Philippine justice minister discusses human rights with WCC delegation
By Aneth Lwakatare (*)
“Good intentions are not enough,” said the secretary of the Philippine department of justice, Leila de Lima, during a meeting with the World Council of Churches (WCC) delegation currently visiting the Philippines. She met with the “Living Letters” team on Friday 3 December.
The group of church representatives from Asia, Europe, Africa, Australia and Canada visited the Philippines, 1-5 December, with the aim of looking at the current human rights situation in that country. They spoke with the justice secretary prior to an encounter with participants in a hunger strike supporting parties involved in the "Morong 43" case.
The Morong 43 have been detained since February following their arrest during a workshop sponsored by an alliance of health workers in Morong, Rizal province. Authorities have claimed the health workers possessed firearms and explosives, but the detainees insist the evidence against them was planted.
De Lima has presented arguments in favour of the detainees’ release, and she told the Living Letters delegation that she will issue a second memorandum soon re-stating her position in the hope that it will bring about a positive solution for the prisoners and their families.
She confirmed a report on extra-judicial killings in the Philippines suggesting that most such crimes committed this year have never been properly addressed. She stated her intention of forming a special commission of the department of justice with the mandate to investigate extra-judicial killings. “This will be a response to the many cases not given enough attention, and a way of breaking the culture of injustice that is prevails,“ she said.
De Lima continued, “The best intentions are there, but we need actions that will bring an end to all the human rights violations and extra-judicial killings.“
“We look for more international calls to pay attention to this current situation, for dialogues and international public statements of support in relation to the present human rights situation and all forms of injustice against the Filipino people,” the secretary of justice said at the conclusion of the meeting.
Some members of the delegation then visited the defendants in the Morong 43 case, who for the past 10 months have been detained in Camp Bagong Diwa.
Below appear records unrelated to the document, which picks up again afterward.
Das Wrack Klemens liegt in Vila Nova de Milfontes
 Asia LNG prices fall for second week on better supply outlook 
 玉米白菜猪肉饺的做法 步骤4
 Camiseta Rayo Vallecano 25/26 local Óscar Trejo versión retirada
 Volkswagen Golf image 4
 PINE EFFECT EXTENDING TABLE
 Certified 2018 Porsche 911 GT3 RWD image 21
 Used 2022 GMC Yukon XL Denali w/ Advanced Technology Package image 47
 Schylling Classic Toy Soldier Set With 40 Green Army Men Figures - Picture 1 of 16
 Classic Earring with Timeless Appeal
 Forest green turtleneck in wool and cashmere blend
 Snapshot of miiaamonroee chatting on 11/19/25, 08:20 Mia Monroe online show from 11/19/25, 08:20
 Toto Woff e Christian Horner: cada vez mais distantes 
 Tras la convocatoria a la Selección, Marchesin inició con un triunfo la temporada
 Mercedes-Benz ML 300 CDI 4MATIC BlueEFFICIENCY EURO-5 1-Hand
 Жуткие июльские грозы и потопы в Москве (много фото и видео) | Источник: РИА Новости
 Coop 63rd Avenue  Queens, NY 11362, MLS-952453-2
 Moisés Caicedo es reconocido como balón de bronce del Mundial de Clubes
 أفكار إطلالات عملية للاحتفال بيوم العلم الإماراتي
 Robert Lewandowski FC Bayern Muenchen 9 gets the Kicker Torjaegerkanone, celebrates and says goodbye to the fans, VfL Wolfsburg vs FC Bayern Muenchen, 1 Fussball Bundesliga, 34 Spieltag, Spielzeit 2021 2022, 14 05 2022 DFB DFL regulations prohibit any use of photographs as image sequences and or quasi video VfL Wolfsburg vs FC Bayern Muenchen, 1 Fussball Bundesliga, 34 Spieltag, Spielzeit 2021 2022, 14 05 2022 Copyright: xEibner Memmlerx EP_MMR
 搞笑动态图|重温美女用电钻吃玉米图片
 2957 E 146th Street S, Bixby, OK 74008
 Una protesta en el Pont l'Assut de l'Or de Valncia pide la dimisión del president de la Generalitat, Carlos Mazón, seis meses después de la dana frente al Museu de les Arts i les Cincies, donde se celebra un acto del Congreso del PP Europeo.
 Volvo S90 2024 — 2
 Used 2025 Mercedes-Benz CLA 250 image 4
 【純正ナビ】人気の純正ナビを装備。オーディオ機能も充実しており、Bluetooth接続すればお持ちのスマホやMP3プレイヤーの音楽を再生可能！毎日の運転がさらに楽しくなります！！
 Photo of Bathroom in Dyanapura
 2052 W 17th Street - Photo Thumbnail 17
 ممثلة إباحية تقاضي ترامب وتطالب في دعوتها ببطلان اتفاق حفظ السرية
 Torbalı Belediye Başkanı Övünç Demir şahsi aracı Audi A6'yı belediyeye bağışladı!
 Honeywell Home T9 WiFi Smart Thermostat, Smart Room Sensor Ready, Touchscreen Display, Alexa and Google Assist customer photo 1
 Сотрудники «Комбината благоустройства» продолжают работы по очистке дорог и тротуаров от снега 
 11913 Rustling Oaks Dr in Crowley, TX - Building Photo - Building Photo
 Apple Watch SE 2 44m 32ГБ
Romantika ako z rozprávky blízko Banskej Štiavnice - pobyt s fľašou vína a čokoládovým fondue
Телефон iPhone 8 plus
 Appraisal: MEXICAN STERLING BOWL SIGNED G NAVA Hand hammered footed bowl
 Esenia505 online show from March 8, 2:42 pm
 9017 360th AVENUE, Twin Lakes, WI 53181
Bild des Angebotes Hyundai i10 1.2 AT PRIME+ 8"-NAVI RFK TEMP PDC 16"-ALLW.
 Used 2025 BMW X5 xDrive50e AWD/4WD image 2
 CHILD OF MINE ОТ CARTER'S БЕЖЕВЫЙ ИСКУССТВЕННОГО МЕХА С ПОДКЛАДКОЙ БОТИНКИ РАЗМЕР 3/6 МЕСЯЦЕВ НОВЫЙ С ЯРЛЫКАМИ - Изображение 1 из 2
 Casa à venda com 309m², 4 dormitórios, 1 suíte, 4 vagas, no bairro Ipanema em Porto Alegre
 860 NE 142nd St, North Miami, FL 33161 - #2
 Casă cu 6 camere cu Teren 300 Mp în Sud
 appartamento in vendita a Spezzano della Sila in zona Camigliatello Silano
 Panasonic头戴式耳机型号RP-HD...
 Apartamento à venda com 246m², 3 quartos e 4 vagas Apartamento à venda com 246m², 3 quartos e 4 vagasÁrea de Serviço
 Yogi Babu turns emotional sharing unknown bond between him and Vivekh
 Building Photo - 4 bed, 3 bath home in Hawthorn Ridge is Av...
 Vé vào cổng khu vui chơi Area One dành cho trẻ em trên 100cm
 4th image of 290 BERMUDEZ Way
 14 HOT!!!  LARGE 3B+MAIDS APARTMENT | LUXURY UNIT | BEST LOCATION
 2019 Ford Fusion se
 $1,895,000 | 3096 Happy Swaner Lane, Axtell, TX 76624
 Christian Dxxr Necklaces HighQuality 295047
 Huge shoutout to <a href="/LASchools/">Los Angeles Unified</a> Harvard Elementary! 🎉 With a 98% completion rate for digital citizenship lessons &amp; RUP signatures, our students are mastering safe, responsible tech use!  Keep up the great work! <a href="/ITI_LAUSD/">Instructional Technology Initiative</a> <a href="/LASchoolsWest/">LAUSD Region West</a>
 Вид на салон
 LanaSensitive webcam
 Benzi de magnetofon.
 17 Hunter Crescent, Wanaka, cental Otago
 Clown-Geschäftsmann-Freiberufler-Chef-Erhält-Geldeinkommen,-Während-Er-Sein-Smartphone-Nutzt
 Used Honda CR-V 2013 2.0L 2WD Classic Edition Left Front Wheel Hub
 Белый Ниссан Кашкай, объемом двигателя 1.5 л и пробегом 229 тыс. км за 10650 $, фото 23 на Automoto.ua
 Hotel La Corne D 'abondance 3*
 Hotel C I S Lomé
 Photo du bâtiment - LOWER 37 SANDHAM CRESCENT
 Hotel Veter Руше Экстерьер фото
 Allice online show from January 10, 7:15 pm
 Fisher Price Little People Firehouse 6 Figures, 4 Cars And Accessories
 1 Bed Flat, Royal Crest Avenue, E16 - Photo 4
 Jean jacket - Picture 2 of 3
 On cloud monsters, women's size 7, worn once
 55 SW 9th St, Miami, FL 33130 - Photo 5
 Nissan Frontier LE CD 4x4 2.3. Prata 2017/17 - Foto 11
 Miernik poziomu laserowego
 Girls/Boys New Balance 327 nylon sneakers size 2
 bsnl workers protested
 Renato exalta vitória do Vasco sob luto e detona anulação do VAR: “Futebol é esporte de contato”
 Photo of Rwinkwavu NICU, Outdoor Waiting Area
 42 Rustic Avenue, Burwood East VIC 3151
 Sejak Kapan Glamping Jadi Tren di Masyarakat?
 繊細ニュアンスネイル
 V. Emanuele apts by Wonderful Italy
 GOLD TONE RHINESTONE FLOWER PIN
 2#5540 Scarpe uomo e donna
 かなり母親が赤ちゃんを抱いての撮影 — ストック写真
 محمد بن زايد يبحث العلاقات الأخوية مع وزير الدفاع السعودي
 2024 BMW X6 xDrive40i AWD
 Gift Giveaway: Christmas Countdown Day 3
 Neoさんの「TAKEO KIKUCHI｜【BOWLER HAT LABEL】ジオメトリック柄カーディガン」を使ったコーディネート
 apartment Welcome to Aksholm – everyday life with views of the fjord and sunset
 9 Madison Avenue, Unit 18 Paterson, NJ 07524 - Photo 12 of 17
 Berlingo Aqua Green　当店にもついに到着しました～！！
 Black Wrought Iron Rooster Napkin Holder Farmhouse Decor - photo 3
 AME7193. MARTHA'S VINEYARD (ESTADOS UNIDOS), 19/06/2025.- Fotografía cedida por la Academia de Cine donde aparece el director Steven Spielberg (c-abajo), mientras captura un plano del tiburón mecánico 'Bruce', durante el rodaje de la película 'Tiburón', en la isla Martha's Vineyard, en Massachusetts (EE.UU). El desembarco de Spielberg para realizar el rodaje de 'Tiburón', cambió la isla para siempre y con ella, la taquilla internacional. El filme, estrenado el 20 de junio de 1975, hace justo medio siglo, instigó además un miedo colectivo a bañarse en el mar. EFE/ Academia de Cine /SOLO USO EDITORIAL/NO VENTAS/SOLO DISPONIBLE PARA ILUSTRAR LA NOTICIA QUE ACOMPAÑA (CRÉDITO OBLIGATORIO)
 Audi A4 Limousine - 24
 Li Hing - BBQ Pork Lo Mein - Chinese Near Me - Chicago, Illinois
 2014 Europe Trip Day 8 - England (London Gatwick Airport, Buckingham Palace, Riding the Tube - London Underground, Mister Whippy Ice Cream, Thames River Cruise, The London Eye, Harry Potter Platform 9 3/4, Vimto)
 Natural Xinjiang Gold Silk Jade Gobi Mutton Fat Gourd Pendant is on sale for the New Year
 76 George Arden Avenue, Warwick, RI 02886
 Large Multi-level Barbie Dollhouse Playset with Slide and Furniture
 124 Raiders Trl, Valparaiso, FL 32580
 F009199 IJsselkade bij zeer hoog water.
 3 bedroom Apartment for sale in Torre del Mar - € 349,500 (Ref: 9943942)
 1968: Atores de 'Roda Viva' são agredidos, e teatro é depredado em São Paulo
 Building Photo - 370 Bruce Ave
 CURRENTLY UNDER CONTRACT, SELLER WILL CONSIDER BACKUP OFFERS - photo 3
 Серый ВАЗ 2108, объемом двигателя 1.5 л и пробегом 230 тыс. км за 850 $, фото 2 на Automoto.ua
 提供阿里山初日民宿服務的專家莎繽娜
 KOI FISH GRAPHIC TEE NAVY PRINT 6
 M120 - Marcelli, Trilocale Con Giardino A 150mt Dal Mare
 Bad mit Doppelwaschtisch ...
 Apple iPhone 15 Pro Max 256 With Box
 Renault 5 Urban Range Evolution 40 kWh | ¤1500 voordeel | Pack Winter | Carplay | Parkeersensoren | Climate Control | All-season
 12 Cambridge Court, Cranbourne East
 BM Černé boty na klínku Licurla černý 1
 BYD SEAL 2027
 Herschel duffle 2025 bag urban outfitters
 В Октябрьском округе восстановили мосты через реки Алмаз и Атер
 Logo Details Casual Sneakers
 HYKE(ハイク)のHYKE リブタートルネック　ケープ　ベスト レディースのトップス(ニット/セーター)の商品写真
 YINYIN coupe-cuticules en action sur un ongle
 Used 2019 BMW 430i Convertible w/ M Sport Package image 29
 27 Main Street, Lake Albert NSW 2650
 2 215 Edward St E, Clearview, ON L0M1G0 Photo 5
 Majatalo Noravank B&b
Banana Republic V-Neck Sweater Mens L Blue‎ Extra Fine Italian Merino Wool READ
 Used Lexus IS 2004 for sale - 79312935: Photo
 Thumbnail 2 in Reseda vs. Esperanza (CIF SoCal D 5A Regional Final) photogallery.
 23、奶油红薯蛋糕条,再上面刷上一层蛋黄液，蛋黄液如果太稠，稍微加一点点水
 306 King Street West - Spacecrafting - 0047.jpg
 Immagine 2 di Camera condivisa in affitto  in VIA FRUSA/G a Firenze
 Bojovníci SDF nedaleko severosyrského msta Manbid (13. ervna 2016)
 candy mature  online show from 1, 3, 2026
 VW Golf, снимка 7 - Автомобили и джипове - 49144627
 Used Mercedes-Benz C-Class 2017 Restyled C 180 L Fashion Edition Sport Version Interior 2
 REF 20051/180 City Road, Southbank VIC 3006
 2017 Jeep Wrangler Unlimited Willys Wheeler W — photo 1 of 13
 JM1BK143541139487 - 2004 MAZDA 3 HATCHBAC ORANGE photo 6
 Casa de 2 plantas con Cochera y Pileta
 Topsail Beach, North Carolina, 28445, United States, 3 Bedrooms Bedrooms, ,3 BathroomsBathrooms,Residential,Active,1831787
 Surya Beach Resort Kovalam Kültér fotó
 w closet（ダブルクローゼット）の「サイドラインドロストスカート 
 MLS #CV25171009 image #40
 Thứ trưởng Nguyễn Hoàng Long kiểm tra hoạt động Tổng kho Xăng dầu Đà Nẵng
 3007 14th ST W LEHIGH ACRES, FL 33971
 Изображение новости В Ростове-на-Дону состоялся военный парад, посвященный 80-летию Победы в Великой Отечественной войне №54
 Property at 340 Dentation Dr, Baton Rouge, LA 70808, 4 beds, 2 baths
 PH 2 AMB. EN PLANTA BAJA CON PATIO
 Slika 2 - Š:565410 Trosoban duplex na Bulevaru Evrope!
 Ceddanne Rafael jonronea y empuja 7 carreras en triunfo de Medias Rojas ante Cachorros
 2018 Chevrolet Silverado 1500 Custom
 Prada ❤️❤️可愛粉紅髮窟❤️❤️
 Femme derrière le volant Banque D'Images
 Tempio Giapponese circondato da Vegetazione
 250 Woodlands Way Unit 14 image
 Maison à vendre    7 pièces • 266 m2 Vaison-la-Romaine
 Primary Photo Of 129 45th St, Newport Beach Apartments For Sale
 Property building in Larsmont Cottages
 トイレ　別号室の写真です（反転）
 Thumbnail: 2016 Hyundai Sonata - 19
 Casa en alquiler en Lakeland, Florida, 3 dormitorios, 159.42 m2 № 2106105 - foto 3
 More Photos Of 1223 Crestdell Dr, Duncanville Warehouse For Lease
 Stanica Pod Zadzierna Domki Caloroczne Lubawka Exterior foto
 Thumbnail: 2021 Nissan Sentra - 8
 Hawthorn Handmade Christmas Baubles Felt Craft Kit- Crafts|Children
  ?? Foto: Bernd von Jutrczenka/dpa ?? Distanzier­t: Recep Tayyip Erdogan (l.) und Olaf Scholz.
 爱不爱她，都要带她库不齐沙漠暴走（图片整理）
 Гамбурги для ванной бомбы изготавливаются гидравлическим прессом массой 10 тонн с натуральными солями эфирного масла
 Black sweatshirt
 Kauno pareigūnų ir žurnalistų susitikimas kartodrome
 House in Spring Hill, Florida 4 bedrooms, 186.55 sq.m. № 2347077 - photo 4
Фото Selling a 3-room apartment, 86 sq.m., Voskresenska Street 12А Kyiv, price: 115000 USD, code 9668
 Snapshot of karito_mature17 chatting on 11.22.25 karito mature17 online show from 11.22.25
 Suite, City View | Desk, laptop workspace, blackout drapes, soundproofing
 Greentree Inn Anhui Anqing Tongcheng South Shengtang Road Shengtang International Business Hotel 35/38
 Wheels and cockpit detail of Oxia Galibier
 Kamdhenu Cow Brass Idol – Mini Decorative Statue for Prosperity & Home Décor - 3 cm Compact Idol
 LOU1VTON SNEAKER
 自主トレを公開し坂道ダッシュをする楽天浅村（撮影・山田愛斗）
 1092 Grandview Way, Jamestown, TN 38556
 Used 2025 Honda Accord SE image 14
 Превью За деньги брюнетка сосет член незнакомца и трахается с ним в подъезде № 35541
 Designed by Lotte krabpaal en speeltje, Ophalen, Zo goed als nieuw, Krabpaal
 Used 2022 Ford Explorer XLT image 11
Meanwhile, farmers of the Hacienda Luisita community received other members of the WCC sponsored delegation. The farmers have been demanding land rights promised to them for the past fifty years.
Hacienda Luisita is in the central plains of Luzon. The land has been owned and controlled by the powerful Cojuangco family since 1957. T he current president, Benigno Cojuangco Aquino III, belongs to this family. Hacienda Luisita comprises 6,435 hectares of sugar cane plantations. Although the Cojuangco family took over the property on an understanding that the land would be given back to farmers after a period of 10 years, this has not happened and there is no sign that it will happen soon.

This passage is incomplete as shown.